6月には業界大手のAVプロダクションであるマークスジャパンの元社長らが労働者派遣法違反容疑で逮捕。7月には、NHKの『クローズアップ現代+』にまでこの問題が取り上げられたことは記憶に新しい。
そんななか、男性向け成人誌などを中心に執筆し、『封印されたアダルトビデオ』(彩図社)の著書ももつライターの井川楊枝氏が、今回の問題を機にAV業界の内情について迫った『モザイクの向こう側』(双葉社)を出版した。
今回のAV出演強要をめぐる問題が表面下したとき、業界関係者からの声としてまず多く聞かれたのが、「ヤクザのような人間が跋扈していた1980年代ならいざ知らず、健全化した現在のAV業界でそのような被害は起こらないだろう」といった意見だ。
しかし、業界内部の人間でもある井川氏は本書のなかでこのように綴っている。
〈私は、普段、雑誌でAVのパブ(宣伝)記事を入れ込むこともあって、複数のAVメーカーや事務所と繋がっている。どちらかというと、AV業界に寄り添っているライターで、業界とは持ちつ持たれつの関係だ。しかし、強要問題が世間で話題となったとき、私は諸手を挙げてAV業界を擁護する立場には回れなかった〉
AV業界が抱える問題の構造について議論される際に、必ず挙げられるのが00年代中ごろに起きた、AVメーカーであるバッキー・ビジュアル・プランニングの撮影による傷害事件、通称バッキー事件だ。

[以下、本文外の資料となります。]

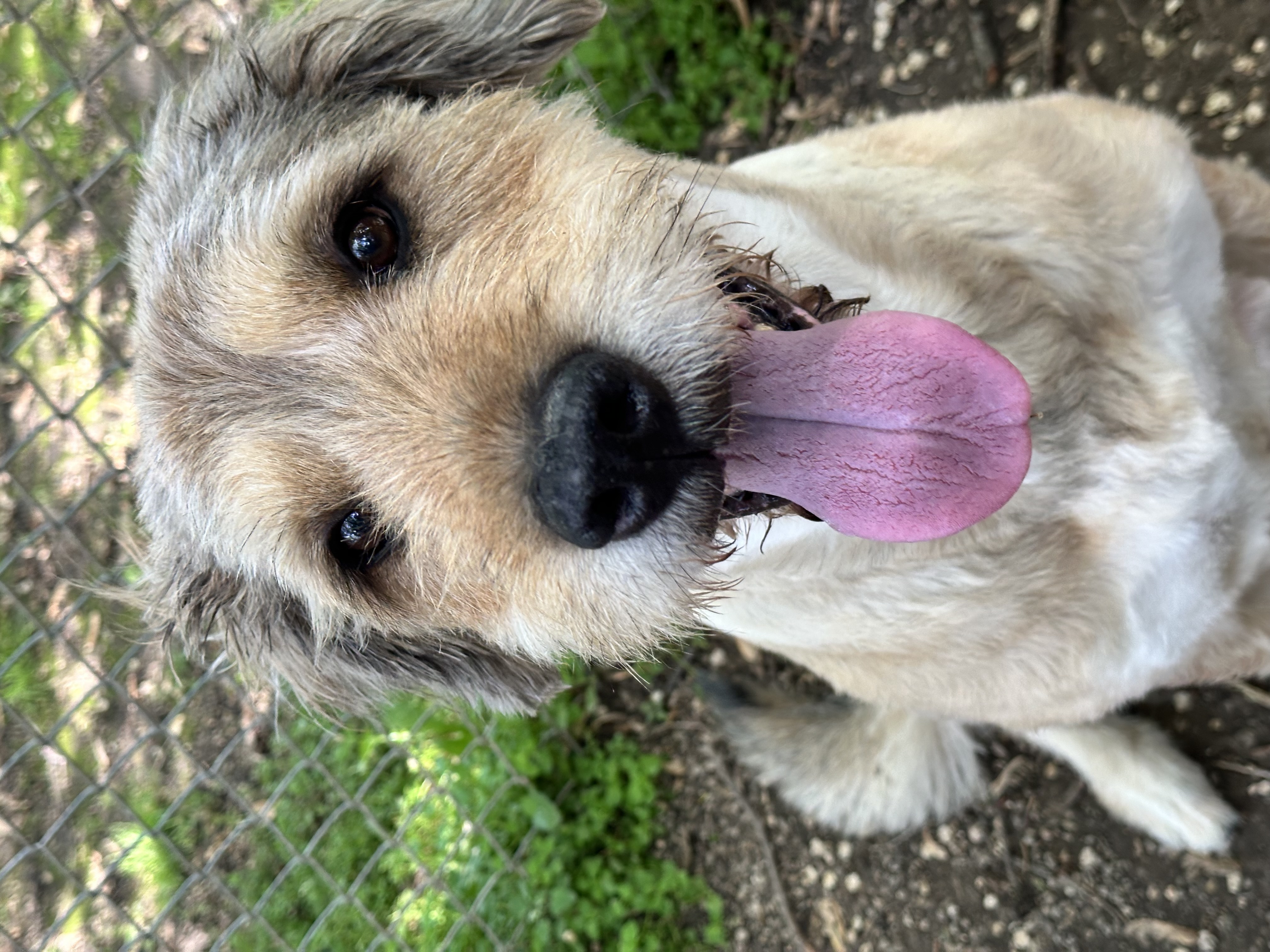 Cona, Adoptable, Adult Female Terrier.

このメーカーの撮影では、出演者には「軽いレイプもの」と説明しておきながら、実際は20人以上の男たちが殴る蹴るの暴行を加えながら中出しするものであったり、水を張った風呂に無理やり沈める「水責め」を行っていたり、強制的に飲酒させるなどといった違法性の高い撮影を日常的に行っていた。また、肛門に浣腸器具を挿入し直腸穿孔、肛門裂傷の大ケガを負わせ、一歩間違えれば死亡事故につながった事件まで起こしている。これにより、メーカーの代表者には懲役18年の実刑判決が言い渡された。
井川氏は、本書のなかで、業界に入りたてのころ、バッキーの撮影を手伝ったことがあると告白。四肢を拘束されたうえ、顔に糞尿を落とされる過酷な撮影で女優が「おまえら全員訴えてやる!」と泣き叫んだ壮絶な現場の記憶を綴っている。だから、〈諸手を挙げてAV業界を擁護する立場には回れなかった〉と井川氏は言うのだ。